## What to do
Please return only the lines between the line with "Vauxhall Corsa 1.4" and the final line of the entries, both included, and exclude pictures.

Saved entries
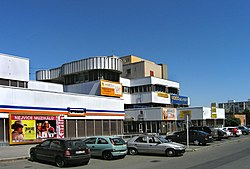 Blankyt shopping center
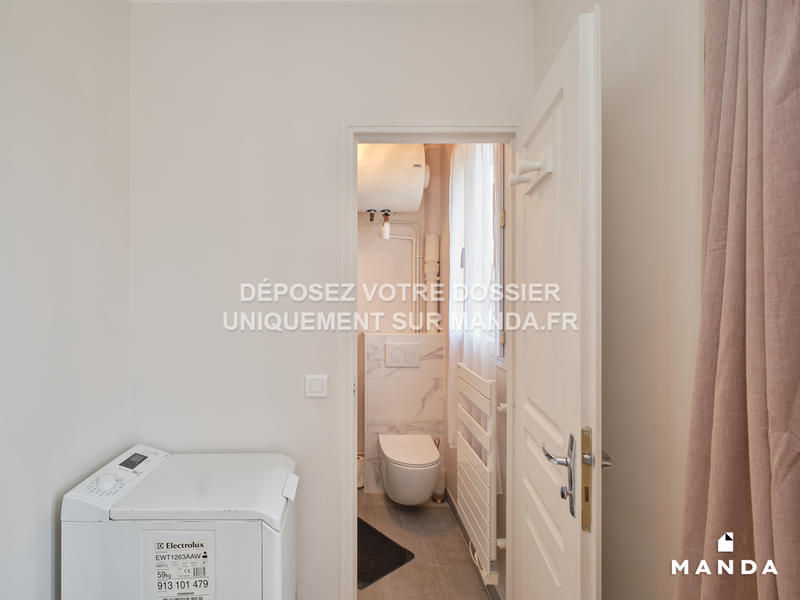 Appartement - 29 m² - 2 pièces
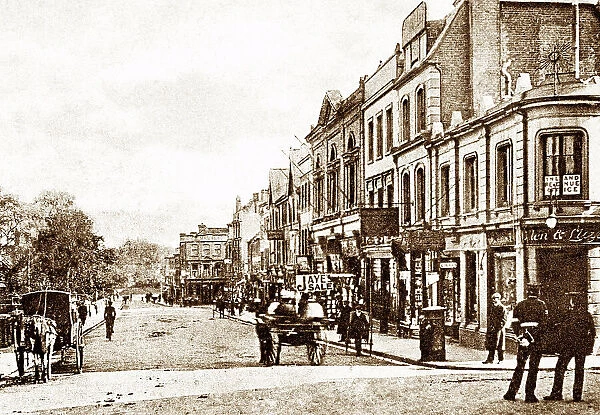 High Street, Aldershot, early 1900s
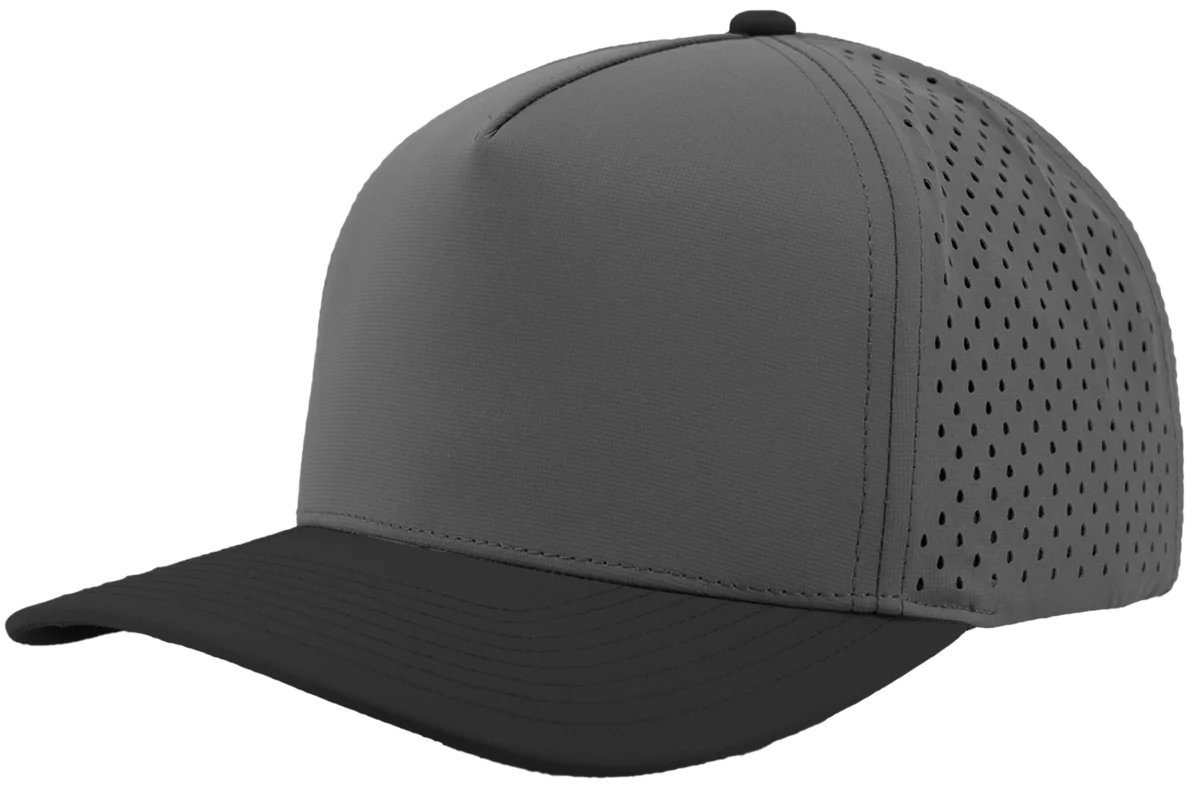 Zapped Headwear Blackhawk 5-Panel Snapback Hat | Wholesale Performance Caps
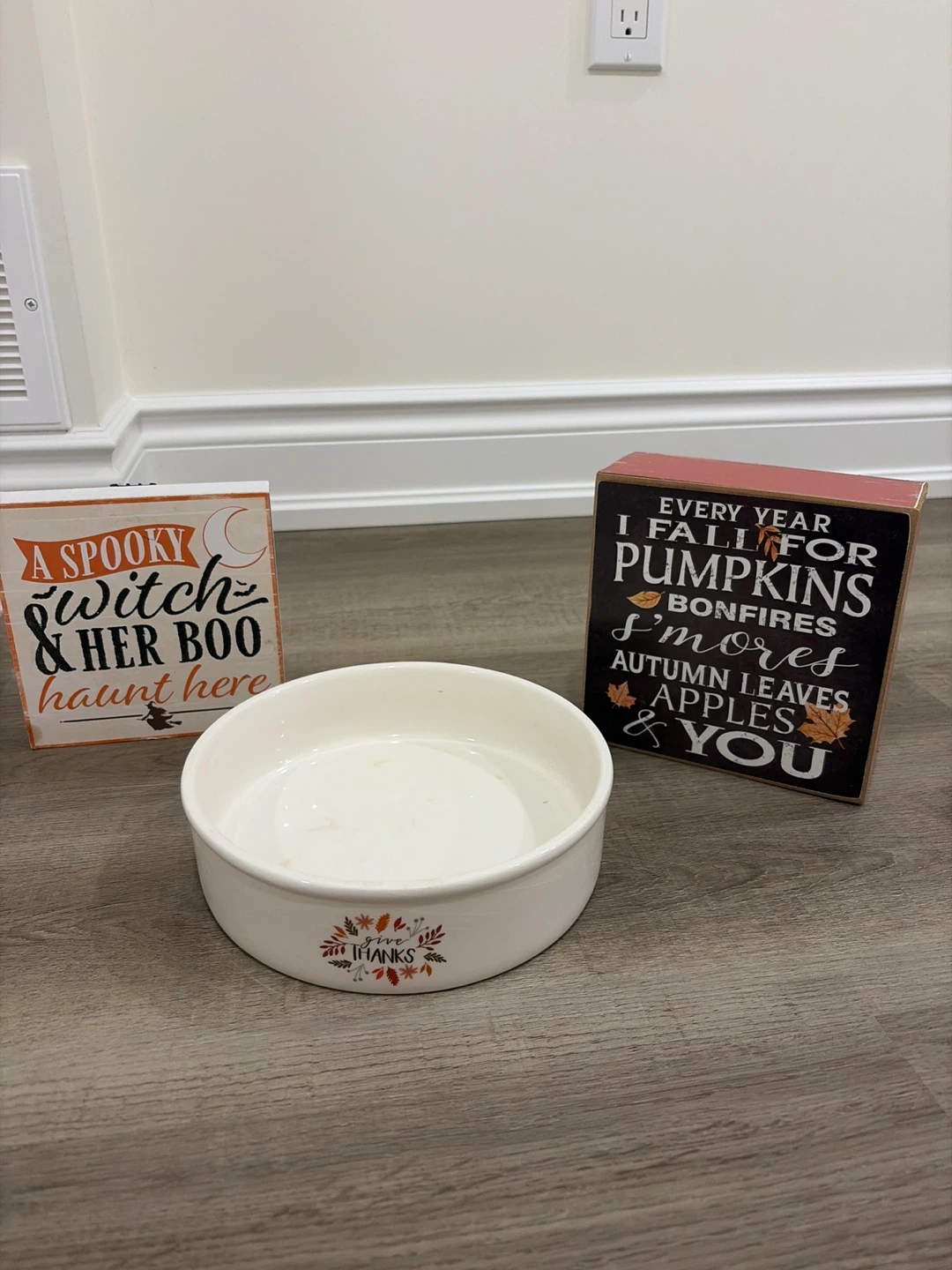 Autumn Home Decor Set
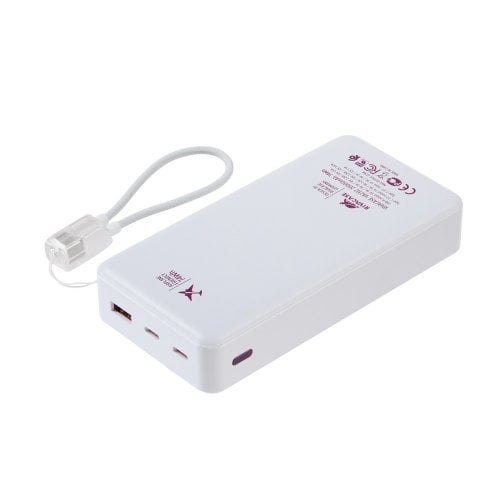 Powerbank Rivacase Rivapower VA2312 20000mAh 22.5W White купить в Украине | Telemart фото
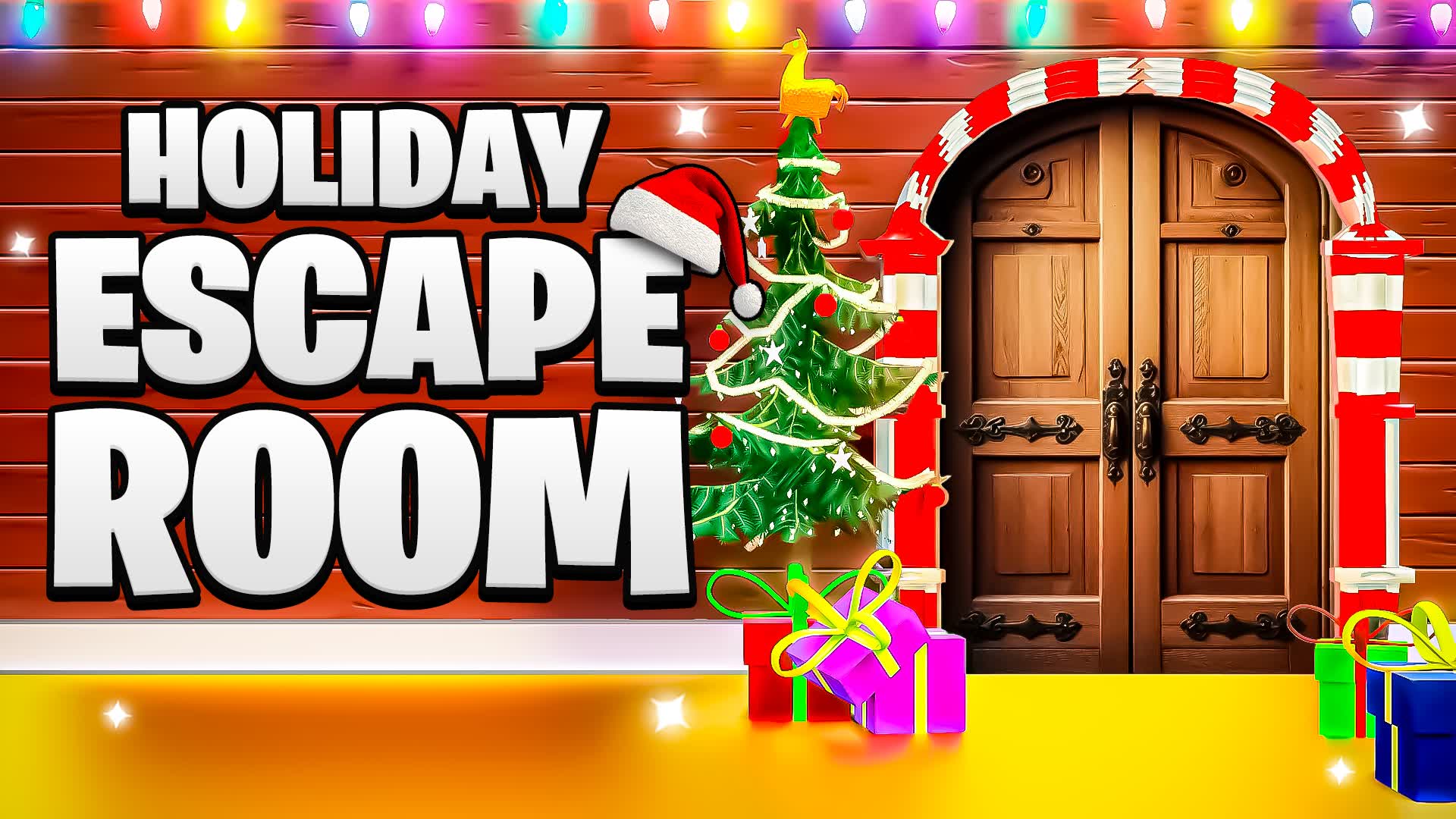 CHRISTMAS ESCAPE ROOM FIRST PERSON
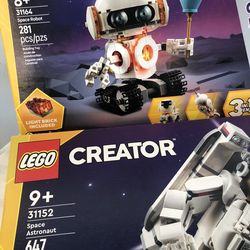 (2) Lego Creator Sets New In Sealed Box Price Is For Both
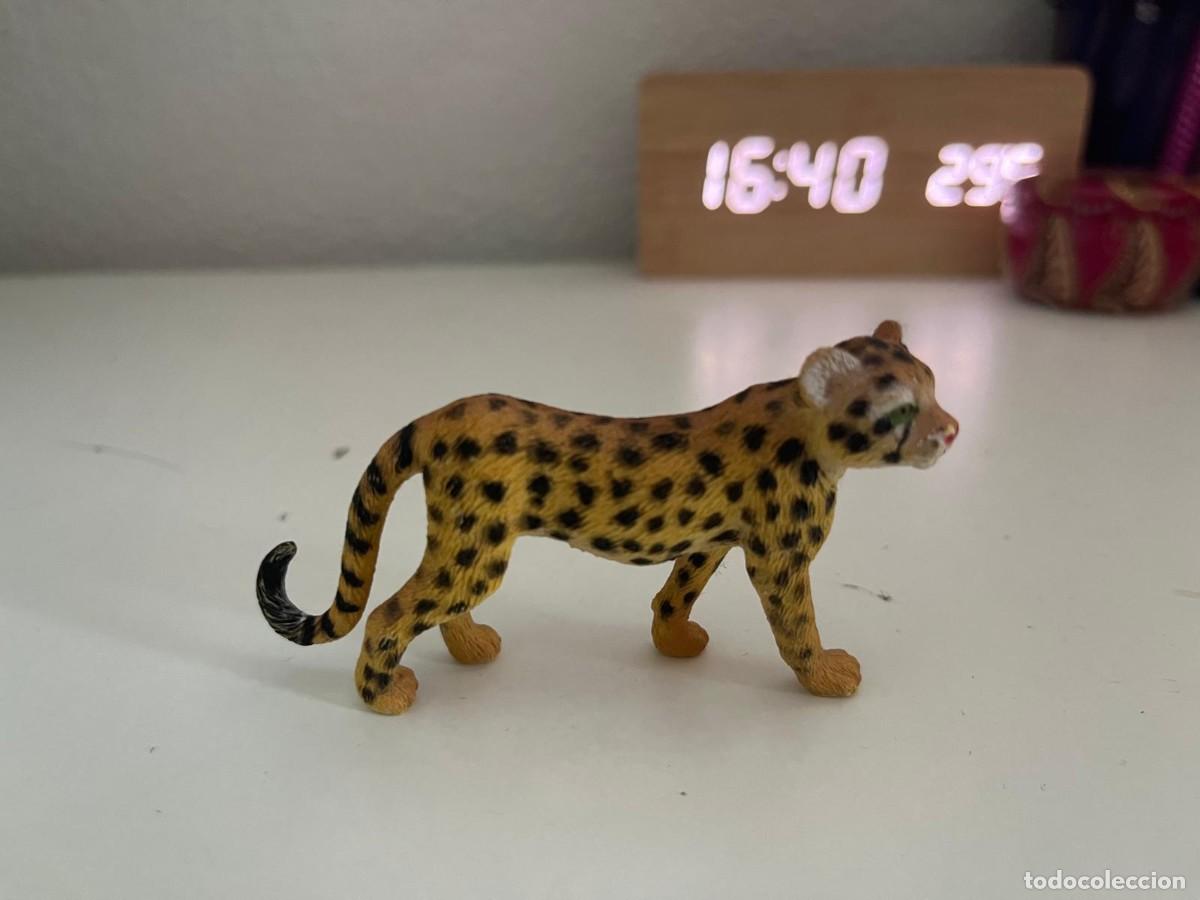 Figuras de goma y PVC: JUGUETE DE GOMA Y PVC ANIMAL TIPO SCHLEICH TIGRE CHEETAH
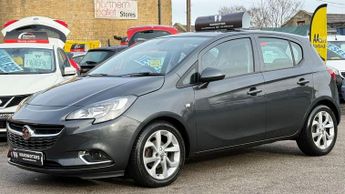 Vauxhall Corsa 1.4 i ecoTEC SRi Grey 5dr 1 KEEPER+CRUISE+DAB+USB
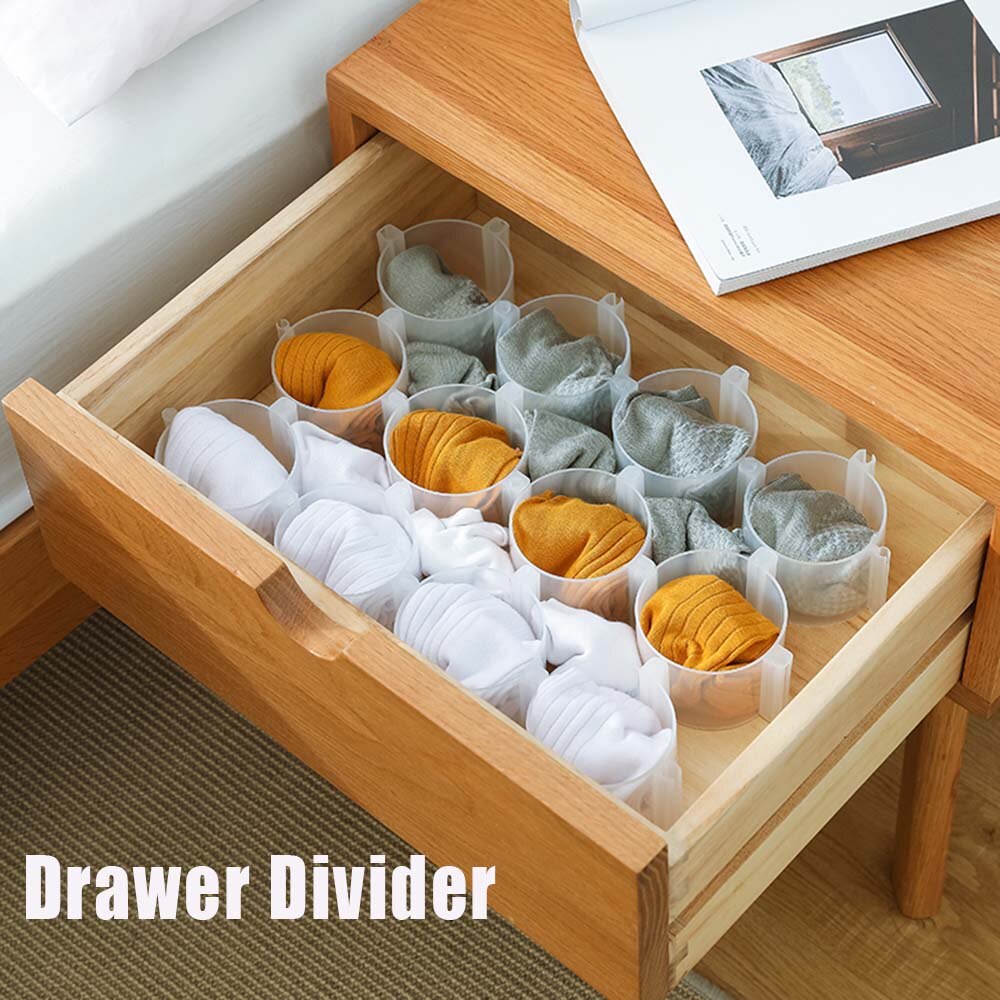 DIY Schublade Organizer Sortierung Kasten Kreative Combinatiob Teiler Für Socke Schublade Separator Lagerung Veranstalter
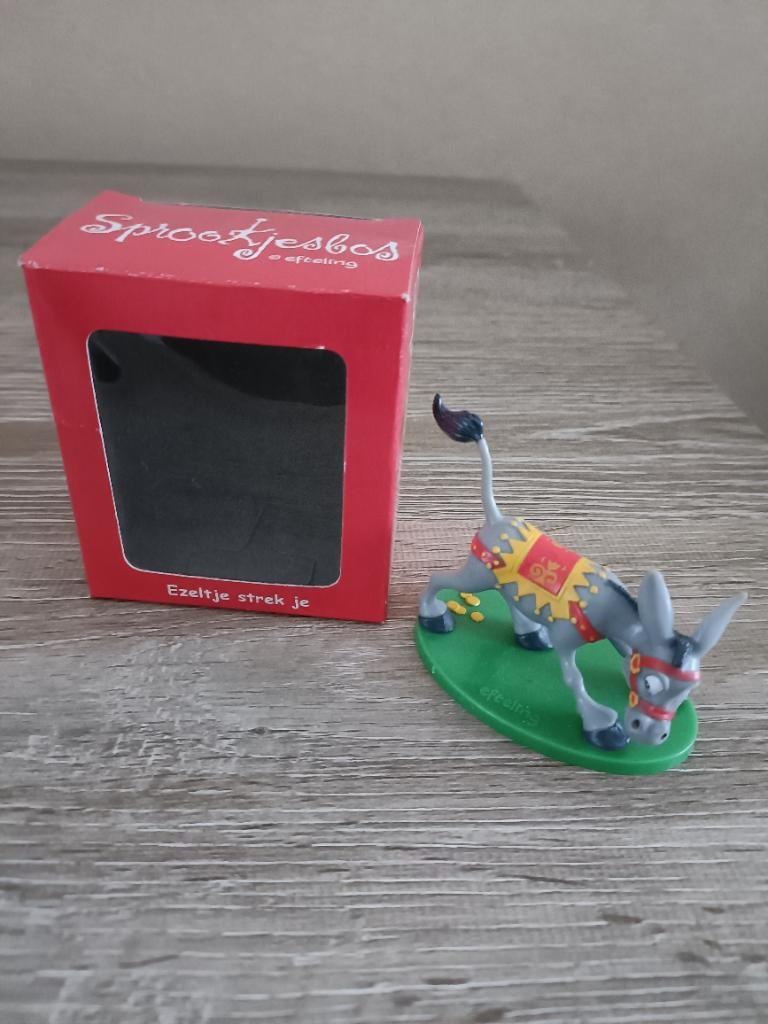 Efteling sprookjesbos figuurtjes, Verzamelen, Ophalen, Zo goed als nieuw, Beeldje of Poppetje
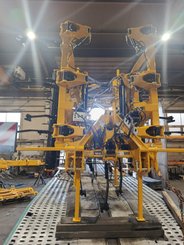 Déchaumeur à dents Agrisem Smartplow porté Repliable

## Task answer
 Vauxhall Corsa 1.4 i ecoTEC SRi Grey 5dr 1 KEEPER+CRUISE+DAB+USB
 DIY Schublade Organizer Sortierung Kasten Kreative Combinatiob Teiler Für Socke Schublade Separator Lagerung Veranstalter
 Efteling sprookjesbos figuurtjes, Verzamelen, Ophalen, Zo goed als nieuw, Beeldje of Poppetje
 Déchaumeur à dents Agrisem Smartplow porté Repliable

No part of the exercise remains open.